New Cloud Vulnerability Data Shows Google Cloud Leads in Risk

New research shows Google Cloud and smaller providers have the highest cloud vulnerability rates as compared to AWS and Azure.

A new report by CyCognito reveals wide differences in security across cloud providers, with Google Cloud and several smaller players showing significantly higher rates of vulnerable assets than Amazon Web Services (AWS) or Microsoft Azure.

The research, based on nearly five million internet-exposed assets, comes at a time when cloud security is top of mind for many organizations. Palo Alto Networks recently reported a 388% year-over-year spike in cloud security alerts, driven by the growing complexity of multi-cloud environments and the rising number of exposed online assets.

CyCognito, known for its attack surface management platform, analyzed assets hosted by the three largest cloud platforms including AWS, Azure, and Google Cloud, along with a group of smaller cloud providers and major hosting companies. The goal was to assess which environments are exposing customers to more risk through vulnerabilities and misconfigurations.
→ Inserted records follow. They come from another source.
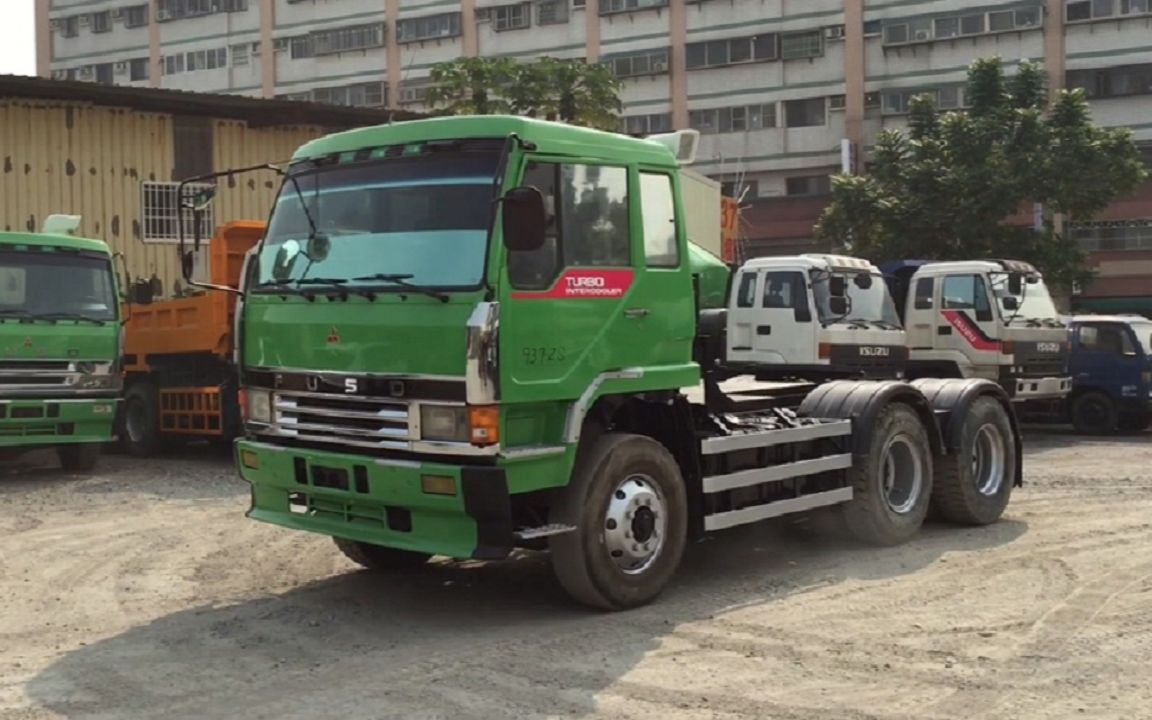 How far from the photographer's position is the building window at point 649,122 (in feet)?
148

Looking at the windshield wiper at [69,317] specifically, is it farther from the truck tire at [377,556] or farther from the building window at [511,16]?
the building window at [511,16]

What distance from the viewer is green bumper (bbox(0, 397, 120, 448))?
12875 millimetres

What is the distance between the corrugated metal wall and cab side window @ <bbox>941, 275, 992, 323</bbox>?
11.2 meters

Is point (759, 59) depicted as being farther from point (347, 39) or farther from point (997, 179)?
point (997, 179)

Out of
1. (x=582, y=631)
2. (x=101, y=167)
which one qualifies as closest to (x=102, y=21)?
(x=101, y=167)

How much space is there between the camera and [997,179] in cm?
2448

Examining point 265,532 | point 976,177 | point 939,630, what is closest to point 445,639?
point 939,630

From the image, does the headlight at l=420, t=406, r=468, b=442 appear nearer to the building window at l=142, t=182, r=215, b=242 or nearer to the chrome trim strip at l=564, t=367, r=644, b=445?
the chrome trim strip at l=564, t=367, r=644, b=445

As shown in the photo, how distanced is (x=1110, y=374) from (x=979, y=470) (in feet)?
30.8

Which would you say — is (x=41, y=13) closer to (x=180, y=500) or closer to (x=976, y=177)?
(x=976, y=177)

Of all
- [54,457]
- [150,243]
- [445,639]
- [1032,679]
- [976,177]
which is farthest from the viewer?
[976,177]

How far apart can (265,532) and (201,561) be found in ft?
3.64

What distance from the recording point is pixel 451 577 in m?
8.12

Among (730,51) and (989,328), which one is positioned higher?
(730,51) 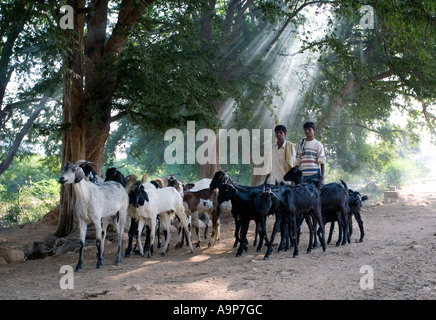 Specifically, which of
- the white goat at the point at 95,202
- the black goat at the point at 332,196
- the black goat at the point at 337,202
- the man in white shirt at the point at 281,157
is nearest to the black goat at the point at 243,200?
the man in white shirt at the point at 281,157

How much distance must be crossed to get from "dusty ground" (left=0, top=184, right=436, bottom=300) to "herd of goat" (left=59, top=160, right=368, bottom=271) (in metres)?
0.41

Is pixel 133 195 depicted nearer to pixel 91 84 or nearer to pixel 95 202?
pixel 95 202

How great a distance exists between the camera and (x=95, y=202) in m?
Result: 7.69

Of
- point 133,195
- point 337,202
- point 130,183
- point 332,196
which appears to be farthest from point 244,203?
point 130,183

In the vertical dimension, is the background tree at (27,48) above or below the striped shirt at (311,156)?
above

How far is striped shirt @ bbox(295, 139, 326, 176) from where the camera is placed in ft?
28.7

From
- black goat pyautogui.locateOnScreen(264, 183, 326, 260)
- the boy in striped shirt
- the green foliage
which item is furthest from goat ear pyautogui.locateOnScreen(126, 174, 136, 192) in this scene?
the green foliage

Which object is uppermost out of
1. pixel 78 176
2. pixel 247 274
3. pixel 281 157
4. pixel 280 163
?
pixel 281 157

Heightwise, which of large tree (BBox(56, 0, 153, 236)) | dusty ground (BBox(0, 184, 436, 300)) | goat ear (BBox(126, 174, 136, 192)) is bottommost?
dusty ground (BBox(0, 184, 436, 300))

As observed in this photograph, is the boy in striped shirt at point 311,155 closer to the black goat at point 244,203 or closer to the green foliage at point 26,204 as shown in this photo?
the black goat at point 244,203

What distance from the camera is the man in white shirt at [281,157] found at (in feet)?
29.3

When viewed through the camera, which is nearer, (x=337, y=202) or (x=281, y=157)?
(x=337, y=202)

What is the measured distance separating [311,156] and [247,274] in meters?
3.10

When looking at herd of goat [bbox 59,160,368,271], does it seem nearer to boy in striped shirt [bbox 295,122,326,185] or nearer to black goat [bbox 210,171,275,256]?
black goat [bbox 210,171,275,256] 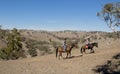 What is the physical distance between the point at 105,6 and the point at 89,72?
26953 mm

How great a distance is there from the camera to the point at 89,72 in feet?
81.5

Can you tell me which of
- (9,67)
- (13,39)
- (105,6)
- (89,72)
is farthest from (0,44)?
(89,72)

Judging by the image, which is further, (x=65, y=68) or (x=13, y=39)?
(x=13, y=39)

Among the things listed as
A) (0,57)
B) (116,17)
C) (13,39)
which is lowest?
(0,57)

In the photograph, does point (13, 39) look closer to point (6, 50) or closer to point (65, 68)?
point (6, 50)

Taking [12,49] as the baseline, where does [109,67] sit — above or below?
above

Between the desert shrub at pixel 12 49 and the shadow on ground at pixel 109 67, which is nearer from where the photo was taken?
the shadow on ground at pixel 109 67

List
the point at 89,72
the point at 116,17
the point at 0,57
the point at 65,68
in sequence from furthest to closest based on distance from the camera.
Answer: the point at 0,57
the point at 116,17
the point at 65,68
the point at 89,72

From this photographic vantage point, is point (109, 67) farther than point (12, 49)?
No

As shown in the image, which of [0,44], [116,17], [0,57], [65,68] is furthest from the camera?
[0,44]

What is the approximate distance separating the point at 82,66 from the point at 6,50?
34382mm

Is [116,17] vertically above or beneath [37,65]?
Result: above

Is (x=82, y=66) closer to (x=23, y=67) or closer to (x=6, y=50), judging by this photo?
(x=23, y=67)

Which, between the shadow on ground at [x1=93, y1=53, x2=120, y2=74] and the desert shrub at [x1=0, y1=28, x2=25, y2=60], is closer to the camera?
the shadow on ground at [x1=93, y1=53, x2=120, y2=74] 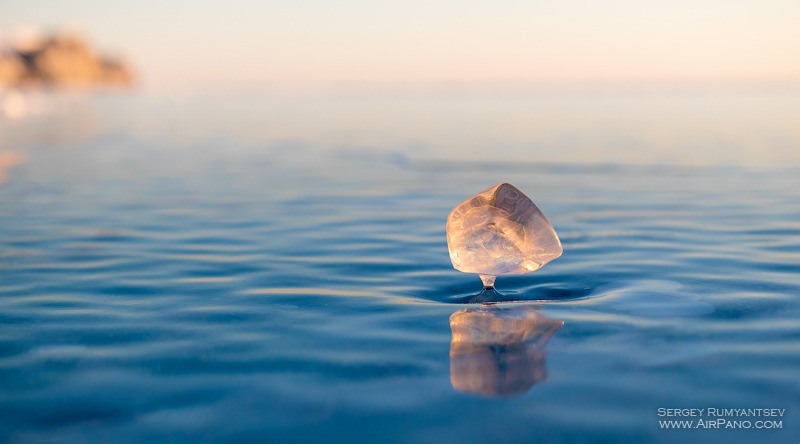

The study found that 38% of Google Cloud-hosted assets had at least one security issue, compared to just 15% for AWS and 27% for Azure. That puts Google Cloud more than twice as risky as AWS by this measure.

The same 38% figure also applied to smaller cloud providers like Oracle Cloud, DigitalOcean, and Linode. Meanwhile, major hosting companies like GoDaddy, Hetzner, and DreamHost came in at 33%.

When looking specifically at critical issues, defined by a CVSS score of 9.0 or higher, Azure showed the highest rate among the big three, at 0.07%. AWS and Google Cloud both registered 0.04%.

Though these numbers may seem small, they represent significant exposure at scale. Across millions of assets, even a fraction of a percent can translate to hundreds of weak points.

Smaller cloud platforms were more concerning in this category. Nearly 0.5% of assets hosted by non-major clouds had critical vulnerabilities, a rate more than ten times higher than that of AWS or Google Cloud. Hosting providers weren’t far behind, with 0.32% of their assets falling into this category.

CyCognito also looked at how exploitable these vulnerabilities are, not just how severe they look on paper. The company factored in threat intelligence and attacker behaviour to assess which issues would be easiest for attackers to exploit.

Here again, smaller providers fared poorly. More than 13% of assets on smaller clouds had easily exploitable flaws. For hosting providers, the number was close to 10%.

Among the big three, Google Cloud again led with 5.35% of assets having issues classified as easy to exploit. That’s more than twice the rate of AWS (1.98%) or Azure (2.37%).

While each of these risk types matters on its own, CyCognito also measured where they overlap assets with issues that are both critical and easy to exploit. Less than 0.1% of AWS, Azure, and Google Cloud assets fell into this high-risk category.

But outside the big players, things were more concerning. Around 0.3% of assets hosted on smaller clouds and 0.25% of those on hosting providers were affected by both critical and easily exploitable vulnerabilities. That’s roughly ten times the rate seen on AWS.

With more organizations spreading their infrastructure across multiple cloud environments, visibility has become a major concern. Assets get forgotten, misconfigured, or left out of internal inventories, creating shadow IT that attackers can find and exploit.

CyCognito recommends organizations go further than traditional inventory tools and adopt “seedless” discovery techniques that don’t rely on internal documentation. It also urges the use of dynamic security testing after applications are deployed, not just during development.